• **WHAT YOU SHOULD DO**: A bare count is the expected answer, namely the number of lines in the records that have the word "Images".

• **DATASET**:
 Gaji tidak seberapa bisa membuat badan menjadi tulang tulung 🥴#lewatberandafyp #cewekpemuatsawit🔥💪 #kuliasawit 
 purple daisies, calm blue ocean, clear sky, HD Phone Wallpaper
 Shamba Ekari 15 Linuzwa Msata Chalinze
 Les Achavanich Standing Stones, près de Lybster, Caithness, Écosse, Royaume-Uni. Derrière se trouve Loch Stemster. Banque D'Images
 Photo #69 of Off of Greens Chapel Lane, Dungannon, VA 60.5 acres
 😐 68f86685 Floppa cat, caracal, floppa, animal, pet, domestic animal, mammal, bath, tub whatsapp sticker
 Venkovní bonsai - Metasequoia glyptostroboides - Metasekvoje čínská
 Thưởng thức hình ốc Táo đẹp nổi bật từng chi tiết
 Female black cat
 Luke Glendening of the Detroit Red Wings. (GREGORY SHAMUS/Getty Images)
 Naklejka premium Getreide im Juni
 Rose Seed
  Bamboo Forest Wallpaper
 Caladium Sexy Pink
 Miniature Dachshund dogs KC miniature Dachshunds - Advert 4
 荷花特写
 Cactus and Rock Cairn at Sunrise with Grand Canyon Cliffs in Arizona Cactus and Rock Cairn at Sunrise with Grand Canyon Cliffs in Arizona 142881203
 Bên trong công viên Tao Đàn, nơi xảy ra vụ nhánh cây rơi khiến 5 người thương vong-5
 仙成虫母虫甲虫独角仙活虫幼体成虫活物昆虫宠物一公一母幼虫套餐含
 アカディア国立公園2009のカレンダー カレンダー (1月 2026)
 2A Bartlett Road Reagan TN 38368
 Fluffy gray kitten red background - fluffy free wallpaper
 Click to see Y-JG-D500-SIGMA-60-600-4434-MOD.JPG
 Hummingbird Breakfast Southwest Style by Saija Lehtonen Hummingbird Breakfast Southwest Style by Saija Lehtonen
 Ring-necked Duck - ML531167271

• **TASK RESULT**: 2